The Vancouver Island South Film and Media Commission (VISFMC) was established as a non-profit organization in 1996 with the objective to promote the Southern Vancouver Island as an international filming destination.

==Details==
The Vancouver Island South Film and Media Commission (formerly known as the Greater Victoria Film Commission) was originally a committee of the Greater Victoria Chamber of Commerce until it was spun out into a separate organization.

The Vancouver Island South Film and Media Commission receives financial support from Creative BC and the British Columbia Ministry of Community, Sport, and Cultural Development as well as the Southern Vancouver Island municipalities of: City of Victoria, District of Saanich, District of Oak Bay, City of Langford, City of Colwood, Town of Esquimalt, District of Sooke, Town of View Royal, District of Metchosin, District of Port Renfrew and District of Highlands.

As a non-profit the Vancouver Island South Film and Media Commission has focused on developing the infrastructure required to provide necessary services and talent to the international film and television industry.

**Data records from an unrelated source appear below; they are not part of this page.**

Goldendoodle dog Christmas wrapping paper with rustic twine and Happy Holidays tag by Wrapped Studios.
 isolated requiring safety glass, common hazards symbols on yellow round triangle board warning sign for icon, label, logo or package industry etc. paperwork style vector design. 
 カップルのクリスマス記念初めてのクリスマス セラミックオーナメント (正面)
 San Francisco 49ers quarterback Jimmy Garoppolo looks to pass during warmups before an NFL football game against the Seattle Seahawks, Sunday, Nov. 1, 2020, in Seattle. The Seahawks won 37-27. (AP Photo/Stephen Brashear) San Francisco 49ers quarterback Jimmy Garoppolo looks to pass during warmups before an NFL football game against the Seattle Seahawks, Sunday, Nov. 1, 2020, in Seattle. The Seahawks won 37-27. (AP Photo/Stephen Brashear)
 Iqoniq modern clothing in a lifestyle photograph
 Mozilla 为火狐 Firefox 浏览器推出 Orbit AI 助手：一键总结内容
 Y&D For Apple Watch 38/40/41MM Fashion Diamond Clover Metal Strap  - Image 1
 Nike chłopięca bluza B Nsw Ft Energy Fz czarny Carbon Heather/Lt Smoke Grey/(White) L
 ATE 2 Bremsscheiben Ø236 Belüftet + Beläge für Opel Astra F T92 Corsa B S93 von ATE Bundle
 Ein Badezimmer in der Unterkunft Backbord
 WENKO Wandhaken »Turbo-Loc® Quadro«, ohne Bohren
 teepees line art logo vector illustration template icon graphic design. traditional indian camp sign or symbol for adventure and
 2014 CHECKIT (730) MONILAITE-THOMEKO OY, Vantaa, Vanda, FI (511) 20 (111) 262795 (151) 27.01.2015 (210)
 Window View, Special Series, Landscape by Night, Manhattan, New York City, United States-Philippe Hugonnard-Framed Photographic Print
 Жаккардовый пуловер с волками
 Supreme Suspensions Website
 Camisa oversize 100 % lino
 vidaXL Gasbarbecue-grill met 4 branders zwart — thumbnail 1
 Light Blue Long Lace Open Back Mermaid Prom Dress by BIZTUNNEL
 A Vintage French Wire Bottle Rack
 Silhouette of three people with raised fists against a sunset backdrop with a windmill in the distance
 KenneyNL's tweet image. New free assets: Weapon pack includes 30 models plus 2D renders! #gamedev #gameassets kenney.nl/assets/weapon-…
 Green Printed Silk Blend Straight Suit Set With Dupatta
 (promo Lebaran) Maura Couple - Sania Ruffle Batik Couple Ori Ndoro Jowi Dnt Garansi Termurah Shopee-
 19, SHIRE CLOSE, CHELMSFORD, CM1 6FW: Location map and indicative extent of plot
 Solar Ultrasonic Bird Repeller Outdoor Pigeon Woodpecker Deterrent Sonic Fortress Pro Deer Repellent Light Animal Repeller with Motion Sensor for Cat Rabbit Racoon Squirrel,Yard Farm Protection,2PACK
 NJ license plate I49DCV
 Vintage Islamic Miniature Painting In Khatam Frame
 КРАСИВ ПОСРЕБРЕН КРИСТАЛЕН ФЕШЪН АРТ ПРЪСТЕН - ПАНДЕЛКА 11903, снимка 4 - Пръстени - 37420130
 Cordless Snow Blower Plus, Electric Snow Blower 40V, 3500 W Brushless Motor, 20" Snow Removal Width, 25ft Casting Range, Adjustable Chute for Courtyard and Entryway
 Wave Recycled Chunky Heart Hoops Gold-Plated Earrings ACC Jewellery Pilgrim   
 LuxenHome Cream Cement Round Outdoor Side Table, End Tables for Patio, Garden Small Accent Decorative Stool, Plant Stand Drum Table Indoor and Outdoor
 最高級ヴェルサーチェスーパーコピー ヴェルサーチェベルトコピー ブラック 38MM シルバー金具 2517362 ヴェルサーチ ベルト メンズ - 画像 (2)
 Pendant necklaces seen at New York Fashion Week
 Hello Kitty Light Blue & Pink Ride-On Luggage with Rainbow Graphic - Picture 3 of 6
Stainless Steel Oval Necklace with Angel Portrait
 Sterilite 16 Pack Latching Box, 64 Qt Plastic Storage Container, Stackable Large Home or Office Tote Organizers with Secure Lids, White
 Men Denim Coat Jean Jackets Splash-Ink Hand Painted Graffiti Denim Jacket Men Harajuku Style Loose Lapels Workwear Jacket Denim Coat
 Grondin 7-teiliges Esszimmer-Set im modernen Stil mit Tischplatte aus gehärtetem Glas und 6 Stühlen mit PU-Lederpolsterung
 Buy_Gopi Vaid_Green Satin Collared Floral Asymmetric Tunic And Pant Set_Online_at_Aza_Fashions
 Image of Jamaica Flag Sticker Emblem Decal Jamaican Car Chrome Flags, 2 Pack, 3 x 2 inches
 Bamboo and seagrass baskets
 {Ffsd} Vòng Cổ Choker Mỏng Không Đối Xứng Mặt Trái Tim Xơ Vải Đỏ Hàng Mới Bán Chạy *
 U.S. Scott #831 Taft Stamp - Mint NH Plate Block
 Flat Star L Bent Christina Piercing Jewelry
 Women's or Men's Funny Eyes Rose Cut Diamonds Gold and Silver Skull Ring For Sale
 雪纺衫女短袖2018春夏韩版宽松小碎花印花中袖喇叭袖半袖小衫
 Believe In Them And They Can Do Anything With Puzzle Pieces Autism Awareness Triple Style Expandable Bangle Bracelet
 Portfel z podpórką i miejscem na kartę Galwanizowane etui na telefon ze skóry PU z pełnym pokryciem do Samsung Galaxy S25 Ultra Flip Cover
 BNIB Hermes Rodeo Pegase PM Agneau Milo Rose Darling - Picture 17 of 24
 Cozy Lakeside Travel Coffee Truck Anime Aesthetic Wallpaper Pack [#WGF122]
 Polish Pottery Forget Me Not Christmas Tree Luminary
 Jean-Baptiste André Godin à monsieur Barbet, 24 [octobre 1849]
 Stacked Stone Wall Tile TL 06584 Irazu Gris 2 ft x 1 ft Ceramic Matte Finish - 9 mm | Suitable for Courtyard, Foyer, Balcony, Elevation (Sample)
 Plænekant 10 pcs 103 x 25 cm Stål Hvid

As part of their efforts to increase film productions in the region they provide free services to production companies such as location scouting, location surveys, script breakdowns, digital location library, and assistance with film and work permits. The Vancouver Island-based organization works to attract film and media productions from around the world.

==Films==
Some films that have shot in the Southern Vancouver Island area include:

- Victoria and Vancouver: Gateways to Canada (1936)
- Secret Patrol (1936)
- Fury and the Woman (1936)
- Woman Against The World (1937)
- Convicted (1938)
- Special Inspector (1938)
- Death Goes North (1939)
- Commandos Strike At Dawn (1942)
- Vixen! (1968)
- Harry In Your Pocket (1973)
- The Changeling (1980)
- Year of the Dragon (1985)
- April Fools Day (1986)
- Hot Pursuit (1987)
- Backfire (1988)
- Bird On A Wire (1990)
- Knight Moves (1992)
- Little Women (1994)
- Intersection (1994)
- Excess Baggage (1997)
- Masterminds (1997)
- Better Than Chocolate (1999)
- Lake Placid (1999)
- Final Destination (2000)
- Scary Movie (2000)
- Cats & Dogs (2001)
- Dead Heat (2002)
- X2 (2003)
- The Core (2003)
- White Chicks (2004)
- I Want to Marry Ryan Banks (2004)
- The Keeper (2004)
- Fierce People (2005)
- X-Men: The Last Stand (2006)
- Looking For Mike (2016)
- In The Land of Women (2006)
- The Mermaid Chair (2006)
- Sorority Wars (2009)
- 2012 (2009)
- Bond of Silence (2010)
- The Boy Who Cried Werewolf (2010)
- Time After Time (2011)
- Magic Beyond Words: The JK Rowling Story (2011)
- Big Time Movie (2012)
- Godzilla (2014)
- Kid Cannabis (2014)
- Mark & Russell's Wild Ride (2015)
- The Boy (2015)
- Pup Star (2015)
- The Girl in the Photographs (2015)
- Disney's Descendants (2015)
- Deadpool (2015)
- Deadpool 2 (2018)
- Brahms: The Boy II (2020)
- Apex (2021)
- The Wedding Veil (2022)
- Rescued By Ruby (2022)
- American Dreamer (2022)

==Television series==

- Wild Things (1994)
- Poltergeist: The Legacy (1996)
- X-Files (1997)
- Smallville (2001 - 2017) Hatley Castle - Luthor Mansion
- The Dead Zone (2004) S4 E11: Saved
- Spooksville (2013)
- Gracepoint (2014)
- Moosemeat & Marmalade (2015)
- Van Helsing (2016)
- Chesapeake Shores (2016)
- Dateline (2017) S10 E16: The Dream House Mystery
- Murdoch Mysteries (2017) S11 E: Home For The Holidays
- ReBoot: The Guardian Code (2017)
- See (2019)
- Twilight Zone (2020) S2 E2: Downtime
- MAID (2021)
- Big Food Bucket List (2022) S3 E5: Live, Laugh, Lasagna - House of Boateng
- Reginald The Vampire (2022)
- Bones of Crows (2023)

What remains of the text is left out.